Critical Vulnerabilities in BeyondTrust PRA and RS Products: CVE-2024-12356 & CVE-2024-12686

Introduction

BeyondTrust, a leader in Privileged Access Management (PAM) and Identity Threat Detection and Response (ITDR), provides robust security solutions to protect human and machine identities, endpoints, and access. Despite its advanced security measures, two critical vulnerabilities—CVE-2024-12356 and CVE-2024-12686—have been identified in BeyondTrust’s Privileged Remote Access (PRA) and Remote Support (RS) products. These vulnerabilities have the potential to allow attackers to execute commands on compromised systems, posing severe security risks.

This blog details the vulnerabilities, their impact, and provides step-by-step solutions for mitigation and remediation.

Summary of Vulnerabilities

CVE-2024-12356

Description: This command injection vulnerability allows an unauthenticated remote attacker to execute operating system commands within the context of a site user.

Impact: Enables unauthorized command execution by unauthenticated threat actors.

Affected Versions: RS and PRA 24.3.1 and earlier.

CVSS Score: 9.8 (Critical).

CVE-2024-12686

Description: Allows attackers with administrative privileges to upload malicious files and execute operating system commands.

Impact: Facilitates unauthorized command execution and file uploads.

Affected Versions: RS and PRA 24.3.1 and earlier.

CVSS Score: 9.8 (Critical).

Vulnerability Details

Both vulnerabilities stem from inadequate input validation in BeyondTrust’s PRA and RS products.

CVE-2024-12356: Exploited through malicious client requests, allowing unauthenticated attackers to inject and execute commands.

CVE-2024-12686: Exploited via administrative privilege misuse, enabling attackers to upload malicious files and execute commands.

Exploitation Evidence

These vulnerabilities have been actively exploited, as confirmed by the inclusion of CVE-2024-12356 in CISA’s Known Exploited Vulnerabilities list.
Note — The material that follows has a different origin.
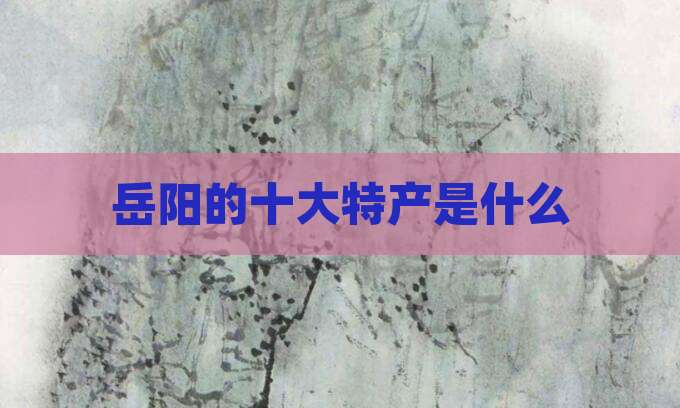 岳阳的十大特产是什么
Additionally, unauthorized access incidents involving BeyondTrust RS SaaS instances and compromised API keys have raised concerns about the exploitation of these vulnerabilities.

Mitigation and Remediation Steps

Step 1: Assess the Environment

Identify Affected Assets:

Inventory all instances of BeyondTrust PRA and RS.

Confirm software versions. Focus on versions 24.3.1 and earlier, which are vulnerable.

Verify Update Status:

Check if your instance is subscribed to automatic updates through the /appliance interface.

Step 2: Update to Fixed Versions

For Cloud-Hosted Instances

BeyondTrust has applied security updates to all cloud-hosted instances. Administrators should:

Verify Update Application:

• Log in to the management console.
• Confirm the latest patch is applied.

Monitor Activity:

• Review audit logs for any suspicious activities post-update.

For On-Premises Instances

Check Version:

• Log in to the appliance interface.
• Navigate to the system update section.
• Identify your current version.

Upgrade Path:

If running a version earlier than 22.1.x, upgrade to this version or higher to apply the patch.

Apply Patch:

• Download the appropriate patch:

          PRA: BT24-10-ONPREM1 or BT24-10-ONPREM2.

          RS: BT24-10-ONPREM1 or BT24-10-ONPREM2.

• Follow BeyondTrust’s installation guide to apply the patch.

Restart Services:

Restart all related services to ensure the patch is fully applied.

Step 3: Enhance Security Measures

Enable Automatic Updates:

• Ensure that the automatic update feature is enabled for future patches.

Restrict Administrative Privileges:

• Limit administrative access to only essential personnel.
• Regularly audit user accounts for privilege misuse.

Harden Configuration:

• Disable unnecessary services and ports.
• Configure firewalls to restrict unauthorized access.

Implement Multi-Factor Authentication (MFA):

• Enforce MFA for all administrative and user accounts.

Monitor Logs:

• Continuously monitor system logs for suspicious activities or anomalies.

Step 4: Verify Mitigation

Run Security Scans:

• Conduct vulnerability scans to confirm successful mitigation.

Test Systems:

• Perform penetration testing to ensure vulnerabilities have been addressed.

Review Audit Logs:

• Check logs for any signs of previous or ongoing exploitation.

Step 5: Communication and Documentation

Notify Stakeholders:

• Inform relevant stakeholders about the vulnerabilities, applied patches, and next steps.

Update Documentation:

• Record all mitigation and remediation actions for future reference.

Train Staff:

• Conduct training sessions to raise awareness of the vulnerabilities and preventive measures.